Jon: That Freeman’s bank bag is great. Ok, from a perspective of entrepreneurship, any advice for our readers inclined to start their own ventures?

Chris Bray: This is a tough question and scores of business execs will have differing opinions, but I suspect near the top of each list would be to ‘keep your day job’ so you have some income rolling in. I think we kept our day jobs for around 3 and a half years before we went solo with Billykirk.

  1. Do not get into a long term lease situation early on if it is not necessary. I think most designers/business owners in our profession probably started out off in their houses/garages. We were no different and spent about a year in our tight quarters. Not only did it save us money, but if you can continue doing something in a tight work environment that is not suitable for your endeavor than you must really enjoy doing it. Obviously, not everyone can do this but if possible save that rent money. Once we outgrew the house/garage, we were luckily enough to, at no cost, use a few shelves at our mentors factory. We would go there nearly every day and work on our designs and orders. He charged us a piece price, so it was extremely fair. It wasn’t until 3 years in or so that we actually began renting a space in a large factory with two other designers. Finally, around 4 years after we started Billykirk, we rented our very own space which was designated as a live/work space in DT LA. We had 2000 square feet and Kirk could live there, pluss it was only $1 a square foot. Finding this type of live/work situation is ideal if you don’t mind sharing your living quarters with work.
  2. Ask questions of the right people. It is imperative that you have some knowledgeable, trustworthy people you can turn to when you have questions regarding the business structure, legal issues, financing, accounting, etc. We had some success early on dealing with the volunteers at SCORE “Counselors to America’s Small Business.” Especially when registering a business entity with state you reside in and the appropriate business structure for your business. (See: score.org)
  3. Write a business plan. This doesn’t have to look like a Harvard MBA wrote it, just get something down and continue to update it. There are numerous business plan templates out there that will assist you in this.
  4. Learn Quickbooks and basic bookkeeping skills early on.
  5. Know your business, the market, and know your competitors. Obviously, before you invest too much time and money make sure your product or service is viable, relevant, and customers will want it.
  6. Guerilla marketing - look into it.

These were just a few ideas off the top of my head……..

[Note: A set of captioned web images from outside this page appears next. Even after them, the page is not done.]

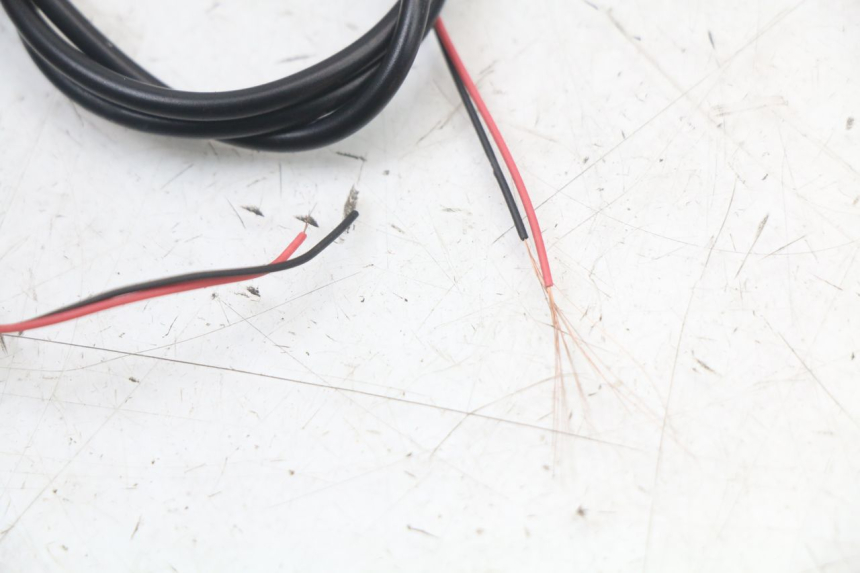 photo de VOORSTE LINKER KNIPPERLICHT DUALTRON TOGO PLUS 1 - Staat van het oppervlak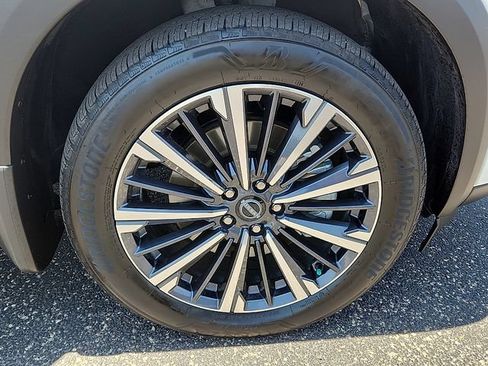 Used 2026 Nissan Pathfinder Platinum AWD/4WD image 7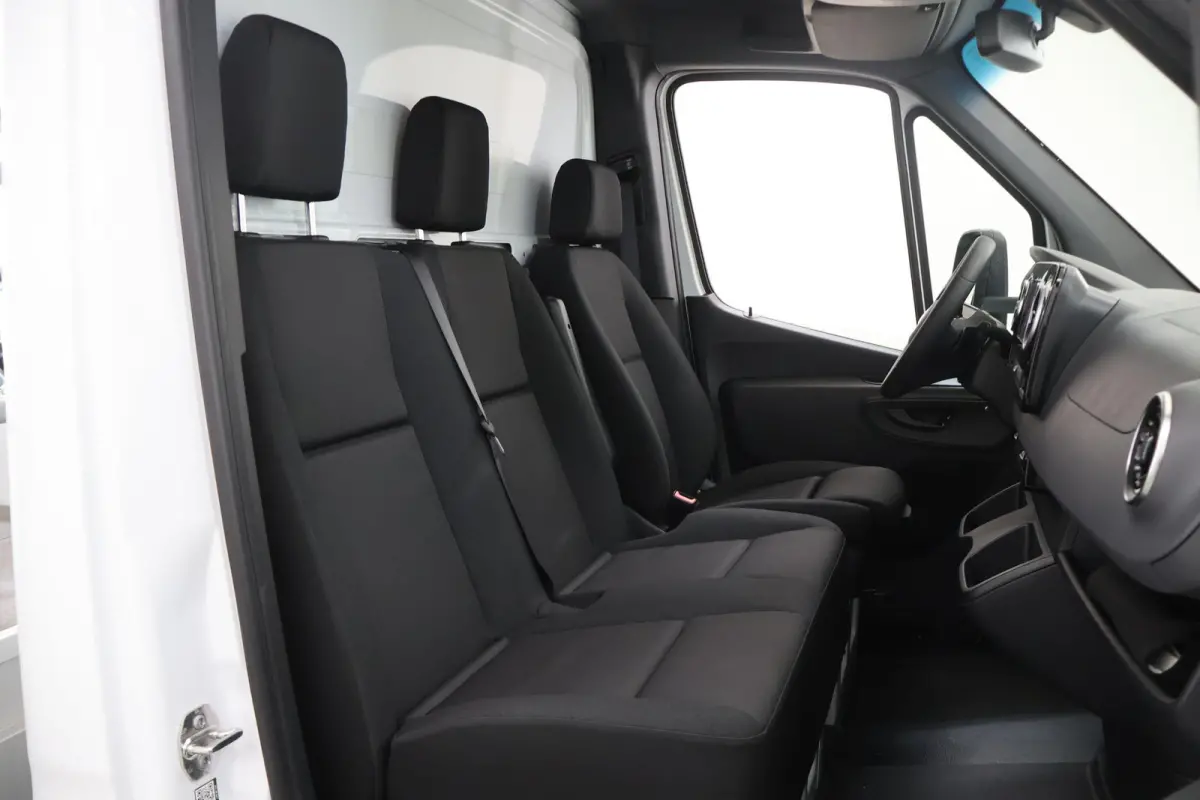 315 CDI | Aut. | L3 | Chassis | Pro | Airco | Cruise Control | Zijwindassistent | Lane Assist | Comfort-bestuurdersstoel | 3-zits | Apple Carplay/Android Auto | ELKE OPBOUW MOGELIJK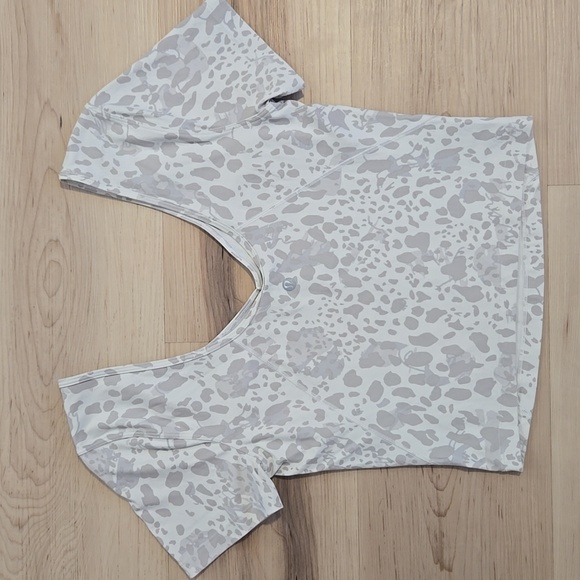 Lululemon Align Leopard Tee, Size 6 - Picture 2 of 4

Jon: The keeping your day job advice is something I have heard from a few sources and is probably even more relevant right now with the economy. Alright, last question because I could pick your brain for another 5,000 words easily. What’s next for Billykirk? Can you give us any preview? I know I saw some hats featured on selectism.com recently.

Chris Bray: The felt hats are new and are being produced by the oldest hat manufacturer in the US. The leather hat bands are made by the Amish and we added a sterling silver Hammer & Maul logo hat pin. New flight bag in vintage mattress ticking canvas and a game bag messenger in waxed cotton/leather. We have a couple of new collaborations in the works which are under wraps and we will continue our collaborative efforts with the guys over at Freeman’s Sporting Club.

Jon: I’m digging the game bag, very cool. Alright Chris, on that note we’ll wrap this up. Thanks a ton for your time and keep up the good work.